We sat down with Deepak Bhatt, MD, MPH, at ACC.22 to discuss a study he took part in assessing the potential patient population of finerenone using eligibility criteria from FIDELIO-DKD and FIGARO-DKD against information from NHANES.
In recent years, agents with cardiorenal protective benefits have dominated discussion at cardiology meetings and conferences.
With the revelations of the benefits of SGLT2 inhibitors beyond glucose-lowering and weight loss garnering so much of the spotlight, many in cardiology, and nephrology, have purported the data from finerenone’s phase 3 program and the non-steroidal mineralocorticoid receptor antagonist's subsequent approval have not been met with the acclaim it might had it not been for the explosion of interest and knowledge around SGLT2 inhibitors.
At the American College of Cardiology’s 71st Annual Scientific Sessions, new data from a generalizability study of finerenone using eligibility criteria from the phase 3 program with data from NAHNES is illustrating just how widespread use could be among patients in the US. Presented by Nicholas Chiu, MD, MPH, and written by a team including Chiu, Rahul Aggarwal, MD, George L. Bakris, MD, Bertram Pitt, MD, Deepak L. Bhatt, MD, MPH, results of the study suggest more than 2.2 million patients in the US would be considered eligible for finerenone when using the FIDELIO-DKD and FIGARO-DKD eligibility criteria.

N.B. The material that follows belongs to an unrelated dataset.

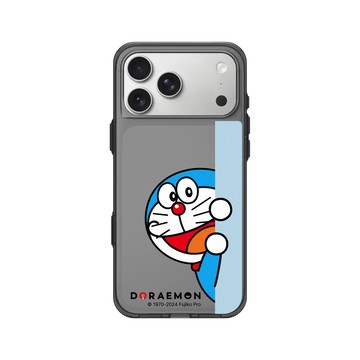 iPhone 17 Pro Max Clear (相機按鈕) 酷墨灰 - 哆啦A夢 Doraemon - 探頭看一看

Briefly, the eligibility criteria for FIGARO-DKD included having a UACR of equal to or greater than 30 mg/g but not exceeding 300 mg/g with an eGFR of at or above 25 but not exceeding 90 mL/min/1.73m2 or a UACR of 300 mg/g or more but not exceeding 5000 mg/g with an eGFR at or above 60 mL/min/1.73m2. The eligibility criteria for FIDELIO-DKD included having a UACR at or above 30 but not exceeding 300 mg/g with an eGFR equal to or greater than 25 but not exceeding 60 mL/min/1.73 m² or a UACR of 300 mg/g or more but less than 5000 mg/g with an eGFR at or above 25 but not exceeding 75 mL/min/1.73 m².
Upon analysis, investigators found the FIDELIO-DKD criteria applied to 1,022,705 (95% CI, 830,876-1,214,533) individuals in the US and the FIGARO-DKD criteria applied to 1,980,176 ((5% CI, 1,706,544-2,253,807). In total, 2,232,031 (95% CI, 1,947,816-2,516,246) met inclusion criteria for at least 1 trial. Investigators noted the US population had different albuminuria profiles, with both FIDELIO-DKD and FIGARO-DKD eligible populations displaying lower median UACRs compared to trial participants. Additionally, the corresponding eligible US population based on FIDELIO-DKD criteria had a higher proportion of females (45.1% vs 31.3%) and non-Hispanic Black adults (14.5% vs 4.9%) than the FIDELIO-DKD trial population.
With an interest in learning more about this study and potential clinical use of finerenone, Practical Cardiology caught up with Bhatt at ACC.22.
This study, “Generalizability of FIGARO-DKD and FIDELIO-DKD Trial Criteria to the United States Population Eligible for Finerenone,” was presented at ACC.22.